Ask HN: What's some “one sentence” wisdom you've learned or created? - keanebean86
It doesn&#x27;t have to be one sentence but try to be concise. Something you&#x27;d end a code review comment with or mention to a Jr dev that&#x27;s easy to remember.<p>Today I realized &quot;there&#x27;s a fine line between credit and blame&quot; but that&#x27;s a little too pessimistic to be real advice.
======
credit_guy
"Don't do people favors if they don't ask for them."

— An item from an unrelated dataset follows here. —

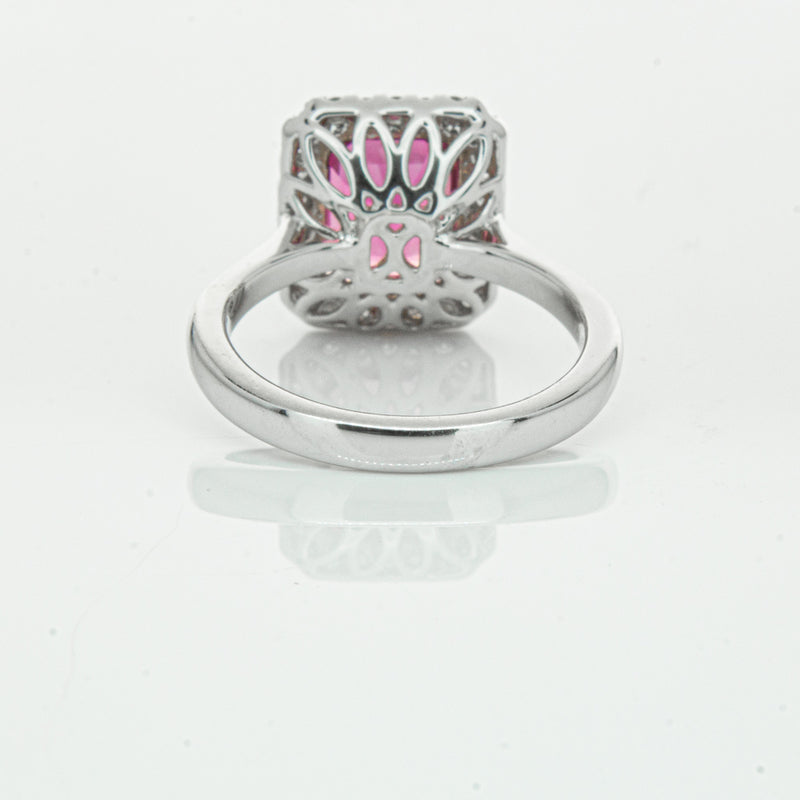 18ct White Gold 3.32ct Pink Tourmaline & Diamond Fleur Ring-Ring-Walker & Hall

Sometimes in the corporate life, you imagine that X would like to have Y, and
you put in a lot of effort to make Y happen. And then X is not even aware that
Y took effort, or worse, you misinterpreted, and X is annoyed that Y happened.
Better make sure that X really wants Y and asks for it.

------
mmsimanga
Change is a process.

It has been my experience that to change anything with an organisation takes a
while. First you present your proposed change or new process. No one
understands or pay attention. Once you implement and showcase the new process,
expect objections as it dawns on people they might have to change how they do
things. Don't take offense at the objections (which should have been aired at
first meeting but no one was paying attention). Just agree to note them and
then a week later present same thing you presented. Now you will find most
people have processed the change and might even have tried new process or read
the documentation. Now the change begins. It's a process.

------
gotostatement
"Your code should reflect your ontology."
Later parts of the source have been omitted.